## DATASET EXCERPT
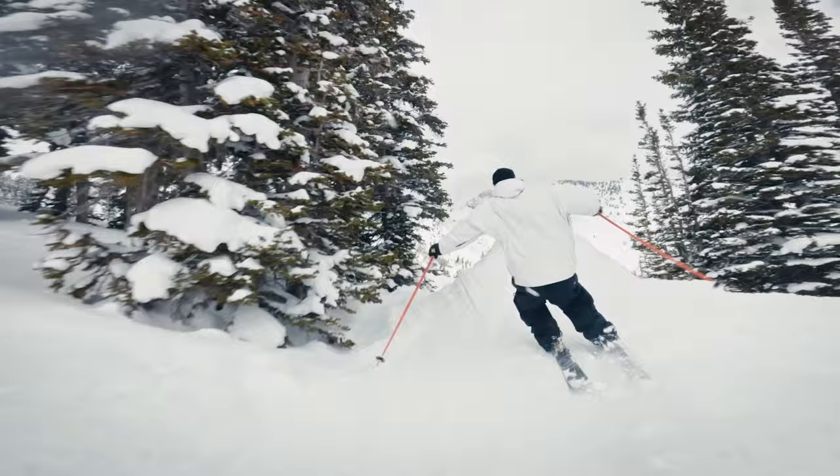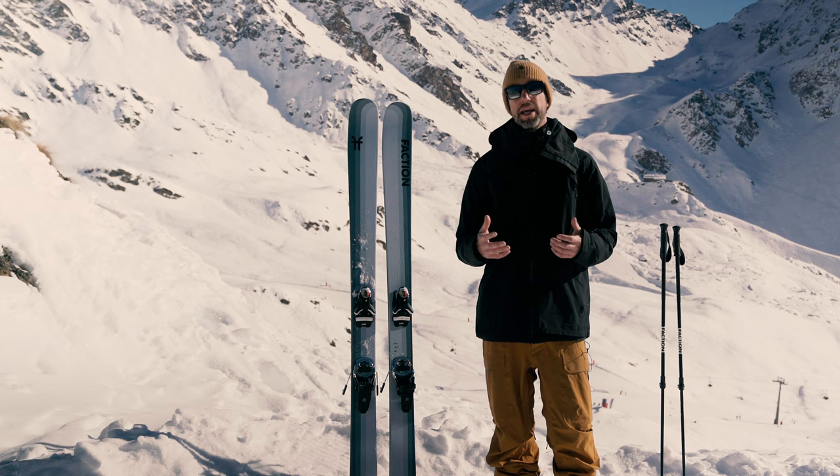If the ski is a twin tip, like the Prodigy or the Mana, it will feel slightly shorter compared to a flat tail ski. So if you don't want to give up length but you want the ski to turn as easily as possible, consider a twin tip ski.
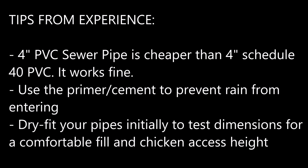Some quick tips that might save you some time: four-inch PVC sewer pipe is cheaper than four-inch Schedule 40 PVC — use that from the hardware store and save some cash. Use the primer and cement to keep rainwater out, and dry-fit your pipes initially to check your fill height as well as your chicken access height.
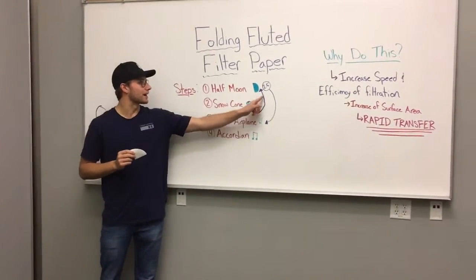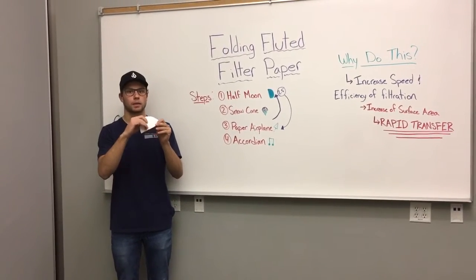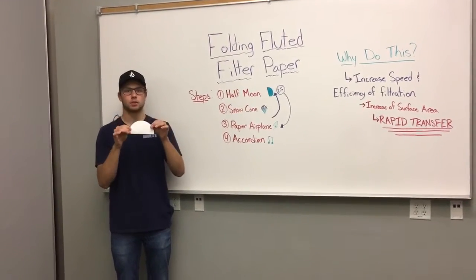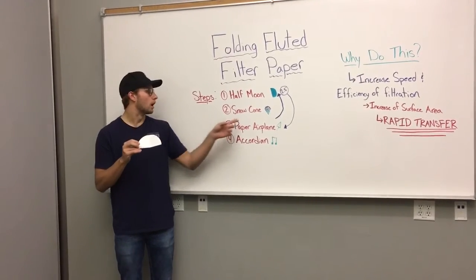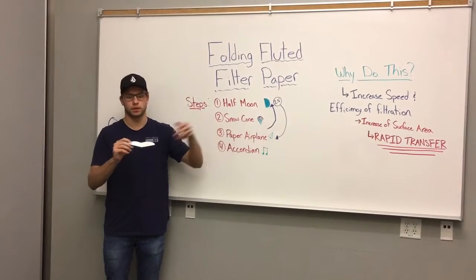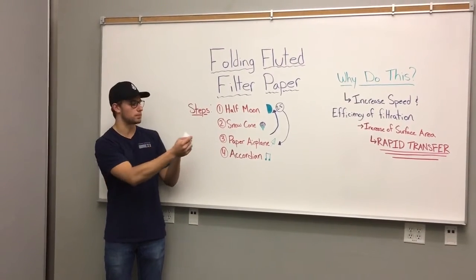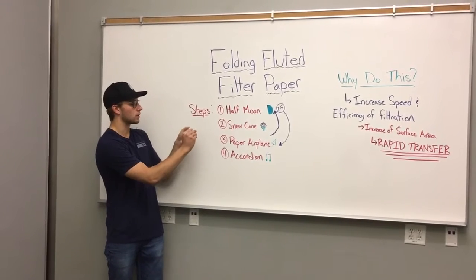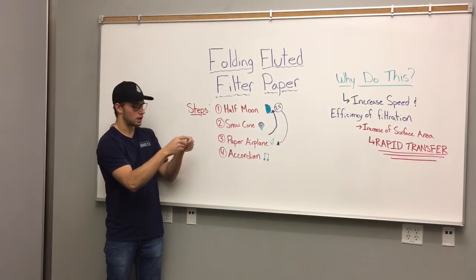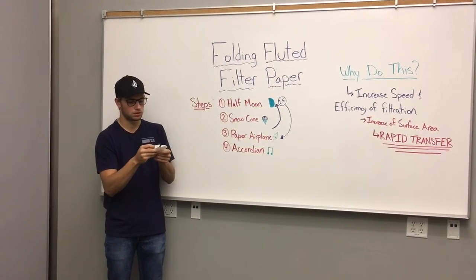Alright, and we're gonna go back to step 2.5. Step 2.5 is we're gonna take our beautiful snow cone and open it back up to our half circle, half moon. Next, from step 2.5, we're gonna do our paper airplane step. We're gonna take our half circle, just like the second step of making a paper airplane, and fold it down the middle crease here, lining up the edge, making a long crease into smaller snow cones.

## EXERCISE
Begin with the line that contains "Some quick tips" and copy every line through the end of the listing, exactly as written, both ends included. Pictures are not part of the copy.

## OUTPUT OF THE EXERCISE
Some quick tips that might save you some time: four-inch PVC sewer pipe is cheaper than four-inch Schedule 40 PVC — use that from the hardware store and save some cash. Use the primer and cement to keep rainwater out, and dry-fit your pipes initially to check your fill height as well as your chicken access height.
Alright, and we're gonna go back to step 2.5. Step 2.5 is we're gonna take our beautiful snow cone and open it back up to our half circle, half moon. Next, from step 2.5, we're gonna do our paper airplane step. We're gonna take our half circle, just like the second step of making a paper airplane, and fold it down the middle crease here, lining up the edge, making a long crease into smaller snow cones.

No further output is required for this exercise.